* Task directions:
When writing out the listing below, reproduce every word exactly and skip the pictures.

── Data section ──

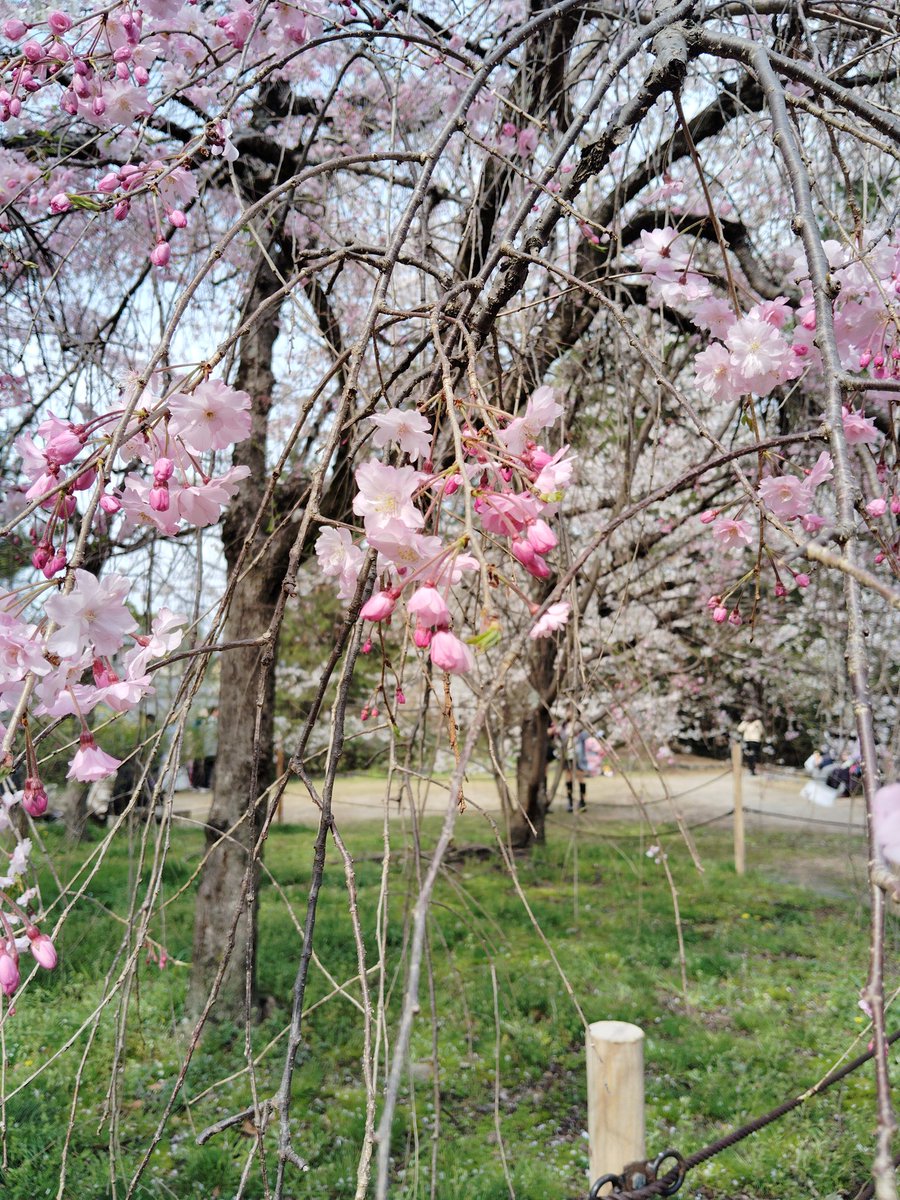 八坂神社桜綺麗🌸 外国人多すぎ😱 日本人より多いやろ🫠 #八坂神社 #円山公園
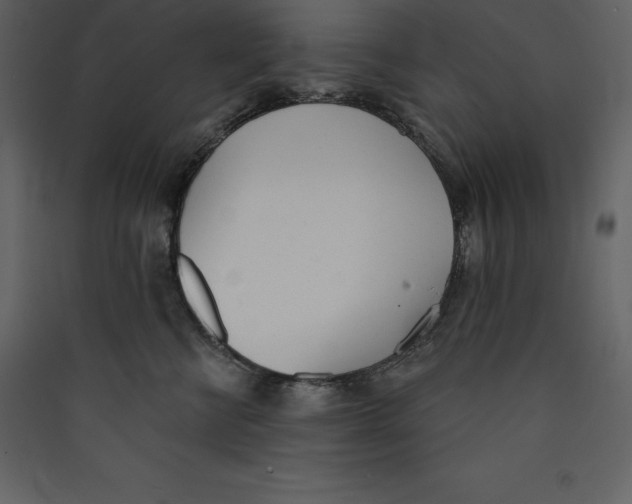 X0000089420570200707131825
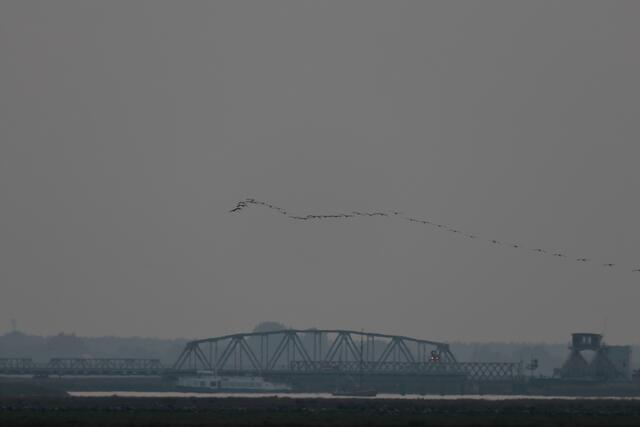 Weiter gehts über die Meiningenbrücke, die das Festland mit der Halbinsel Fischland-Darß-Zingst verbindet, nach Süden  | Foto: Franz-Walter Mappes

───

* Answer below:
 八坂神社桜綺麗🌸 外国人多すぎ😱 日本人より多いやろ🫠 #八坂神社 #円山公園
 X0000089420570200707131825
 Weiter gehts über die Meiningenbrücke, die das Festland mit der Halbinsel Fischland-Darß-Zingst verbindet, nach Süden  | Foto: Franz-Walter Mappes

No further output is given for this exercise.